Assigned task »
Using the data below, print exactly the line with "Women Summer V", the line with "NewWays Compatible for", and every line between them, but none of the pictures.

Data for analysis »
- - - -

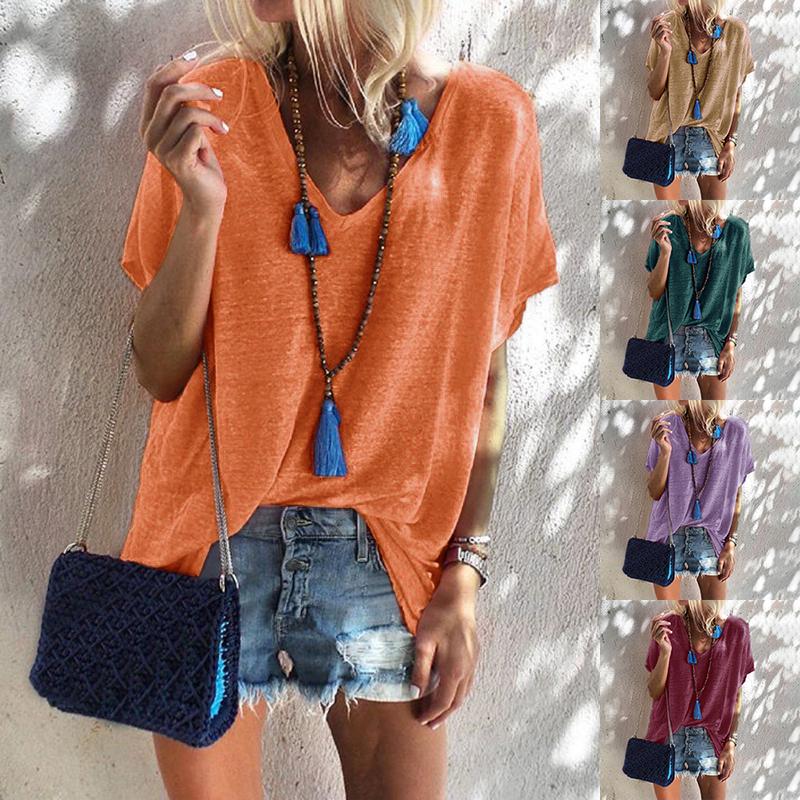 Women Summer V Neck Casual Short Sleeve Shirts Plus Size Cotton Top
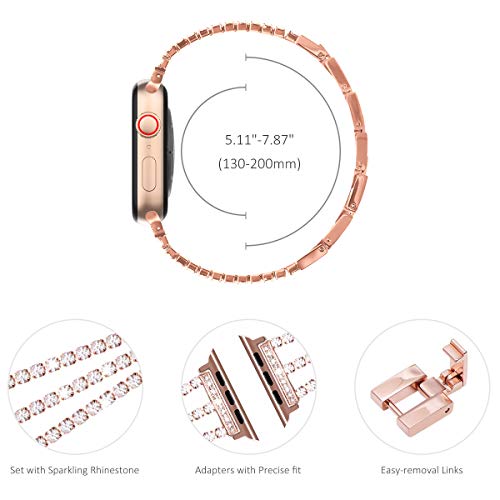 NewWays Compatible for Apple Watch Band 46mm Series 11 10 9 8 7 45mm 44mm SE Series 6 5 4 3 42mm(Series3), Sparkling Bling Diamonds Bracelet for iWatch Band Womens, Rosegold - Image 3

- - - -

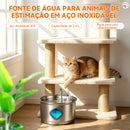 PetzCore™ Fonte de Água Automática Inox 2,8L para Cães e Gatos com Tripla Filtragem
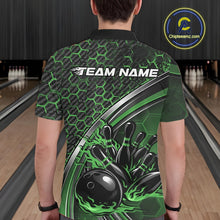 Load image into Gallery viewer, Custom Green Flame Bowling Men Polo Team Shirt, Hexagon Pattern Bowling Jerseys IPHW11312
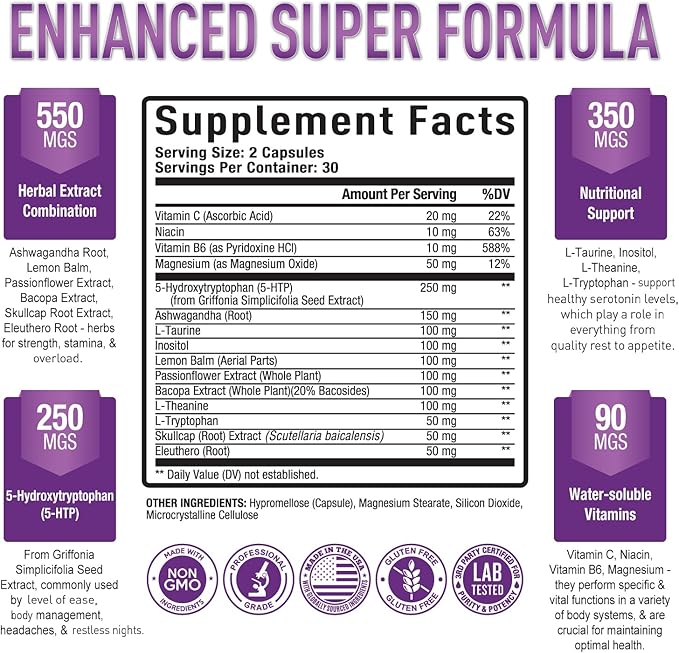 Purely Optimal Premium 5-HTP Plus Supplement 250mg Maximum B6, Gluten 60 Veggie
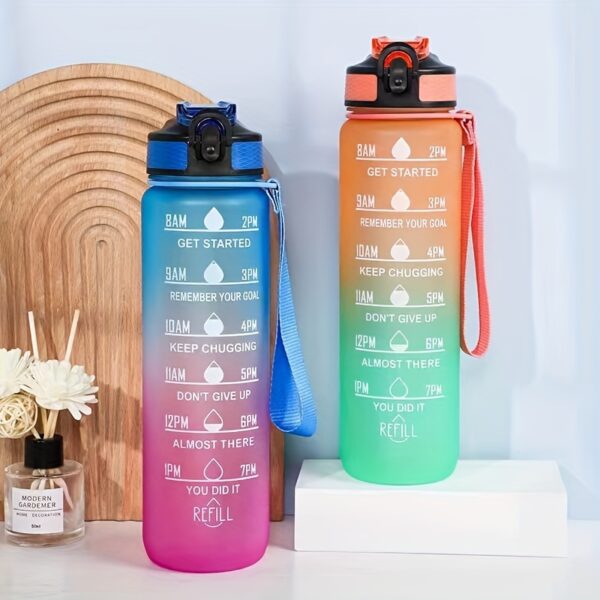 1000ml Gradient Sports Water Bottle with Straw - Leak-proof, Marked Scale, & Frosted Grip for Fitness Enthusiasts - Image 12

- - - -

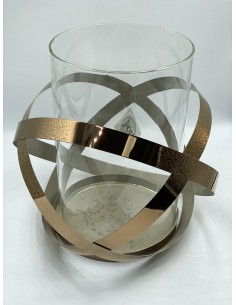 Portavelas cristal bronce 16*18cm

- - - -

Response to the exercise »
 Women Summer V Neck Casual Short Sleeve Shirts Plus Size Cotton Top
 NewWays Compatible for Apple Watch Band 46mm Series 11 10 9 8 7 45mm 44mm SE Series 6 5 4 3 42mm(Series3), Sparkling Bling Diamonds Bracelet for iWatch Band Womens, Rosegold - Image 3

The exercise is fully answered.